22

Stukjes van de legpuzzel
(Daniel)

Zijn dochter had gelijk gehad. Hij was te vroeg weer aan het werk gegaan en nu moest hij daarvoor in meer dan één opzicht de prijs betalen. Het laatste wat hij uiteindelijk had gedaan was dat hij via de vakbond een nieuwe leerling had aangenomen.

Het was een kaal geschoren, norse knaap van begin twintig, met koolzwarte, onrustige ogen die hem een onbehaaglijk gevoel gaven, en toen hij de mouwen van zijn West Ham-sweatshirt had opgerold had Daniel twee tatoeages op zijn linkerarm gezien: een hakenkruis en de initialen BNP. De tatoeages maakten hem van streek maar als puntje bij paaltje kwam, gingen ze hem niet aan. En wat moest dat moest.

De knul zei niet veel, wat hem prima uitkwam, maar er zat iets verontrustends in het stilzwijgen dat Daniel een onbehaaglijk gevoel gaf, al kon hij niet zeggen waarom. Hij dacht dat er minachting in zat, agressie zelfs. Als de knul alleen maar in de buurt was, werd hij al gespannen. Hij praatte ook niet met de paarden, hoewel hij capabel genoeg was, hij deed zonder protest zijn werk en hoefde ook nergens aan herinnerd te worden. En hij leerde snel. Hij had al tweeëneenhalf jaar van zijn opleiding achter de rug dus hij wist meer dan het allernoodzakelijkste. Om eerlijk te zijn, moest Daniel toegeven dat er niets mis was met zijn werk of zijn betrouwbaarheid. Elke ochtend meldde hij zich prompt om acht uur bij de bungalow en als ze aan het eind van de dag wat achter liepen en moesten overwerken, klaagde hij nooit.

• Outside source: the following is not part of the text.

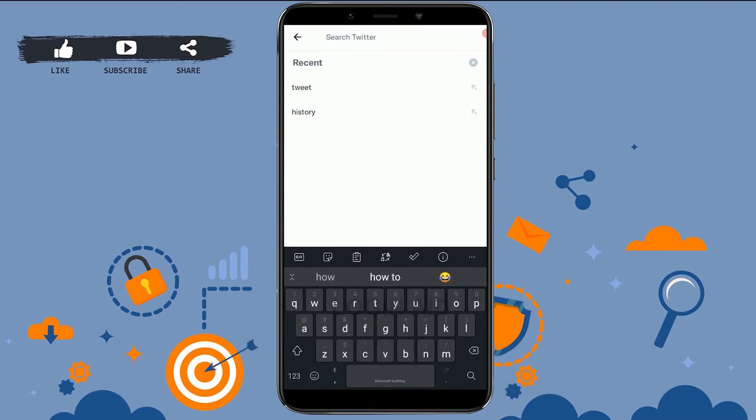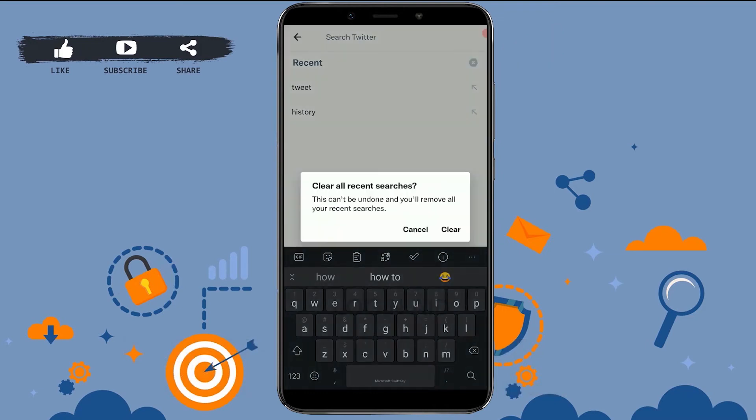Now what you need to do here is you need to tap on the cross icon on the top left. Tap that. This will give you the option to clear all recent searches.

Nu zaten ze op een parkeerplaats in de bus en aten tussen de klanten door hun boterhammen op. Daniel gaf de korstjes en heel kleine stukjes ham aan Wally. Het luidruchtige gesmak van zijn leerling werkte hem op de zenuwen. Het opgedrongen samenzijn stond hem tegen en hij voelde dat die knul er net zo over dacht. Hij wilde maar dat hij helemaal geen leerling nodig had.

Het duurt alleen maar tot ik weer fit ben, zei hij bij zichzelf. Het zal me helpen sneller op de been te komen.

Om maar iets te zeggen en het varkensachtige gesmak te onderbreken vroeg hij: “Waarom wil je eigenlijk hoef smid worden?”

“Ik moet er niet aan denken in een kantoor opgesloten te zitten,” antwoordde de leerling, ondertussen brood in zijn mond proppend, “en die klote Polen krijgen alle baantjes in de bouw.”

Dat was waar.

“Ik heb liever niet dat je zulke taal tegen me uitslaat.”

De jongeman haalde zijn schouders op, trok de deur van de bus open en stak zijn benen eruit.

“Waar ga jij naartoe?”

“Pissen en een peuk roken, als je het niet erg vindt.”

En kom vooral niet terug, schreeuwde een inwendig stemmetje bij Daniel.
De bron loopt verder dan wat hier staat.